On the tip of the day instead of a broomstick I use a small tape measure, it takes much less room, once you measure the slide dimension the first time it’s easy to remember.
Easy to remember, yes. But visualize, “in the moment”?
I need the visual. I for one am terrible with distances by just a number.
I used to work where I had a lot of dealings with environmental regulations. I posted a while back in another group that with the new EPA administrator, I expected more aggressive enforcement of air quality laws with the new administration, and that it wouldn’t be a good idea to make any permanent changes to vehicles disabling pollution control equipment. There doesn’t have to be any new laws or regulations passed. Instead you’ll see the EPA go after mfgs like EZ Lynk that make devices to bypass settings and controls. If you’re in a state that does annual vehicle inspections, look for the EPA to lean on those states to inspect vehicles more closely for any illegal modifications. The new EPA administrator has a background in air pollution regulation and has a reputation for being assertive in enforcement. I expect him to do the same on the federal level.
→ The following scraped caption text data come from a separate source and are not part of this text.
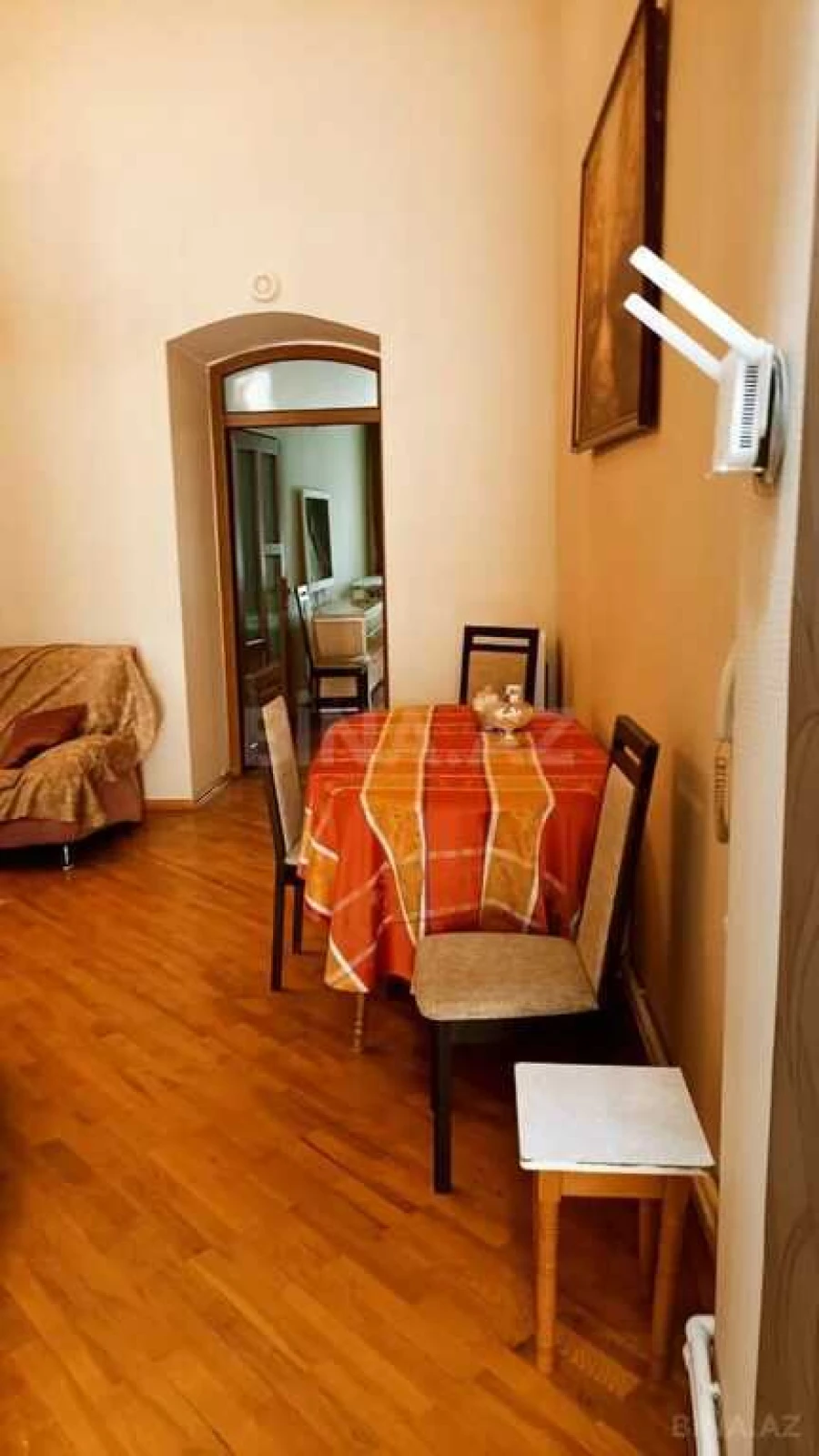 Satılır 2 otaqlı mənzil 62 m²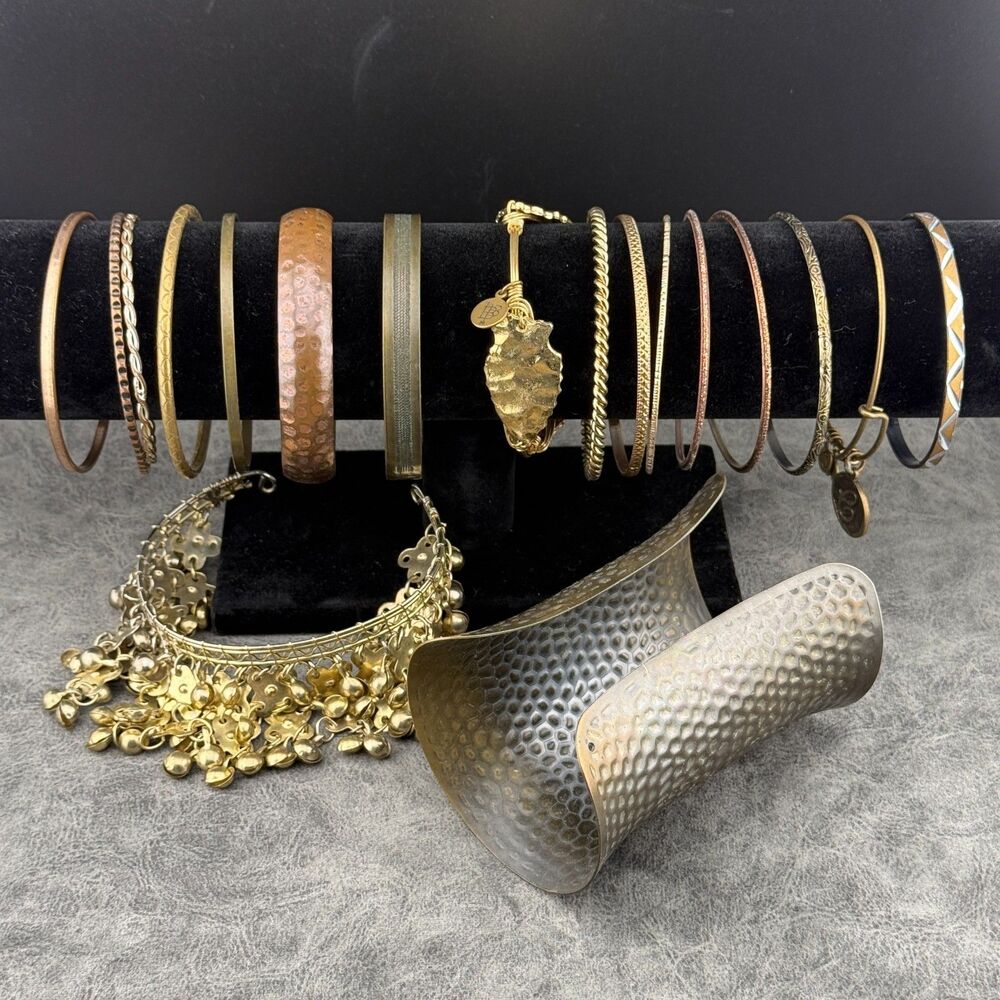 Lot Mix of 18 Brass-Bronze-Gold-Tone Metal Bangles Bracelets Charms Costume B&B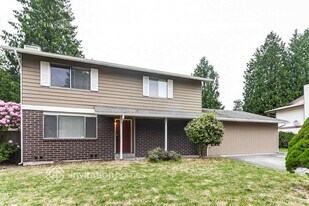 34811 27th Ave SW in Federal Way, WA - Building Photo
National spinach day! Doggone, I ate the spinach yesterday!
We did too!! 😂
Stay safe, Joe
Music is fine as long as the rest of us don’t have to listen to or feel your music vibrating our bodies.
Yes, I think of the damage that is done to ears by the extreme loud music. Once they are gone, they are not coming back. Hearing aids are a substitute.
Yes and no matter which brand you choose and how much you pay it seems engineers can’t come close to the sound quality that God created in your ears. I’ve worn hearing aids for several years and the clarity can’t be duplicated that your ears had before your hearing loss.
And I always wonder what the loud thumping bass, and high-pitched squealing of guitars is doing to our young people’s nervous systems, eardrums, and body organs. I cant imagine it’s any kind of good.
I certainly agree with you Bob P. I ruined my hearing as a young guy racing cars and motorcycles, along with using air tools. It sneaks up on you. Hearing aids suck. WEAR PROTECTION!
And with mine music sounds terrible.
And a poor substitute for what God gave you. I know I have two of them.
Portugal – – if the cop can hear it it belongs to them. At least 1980 it was that way.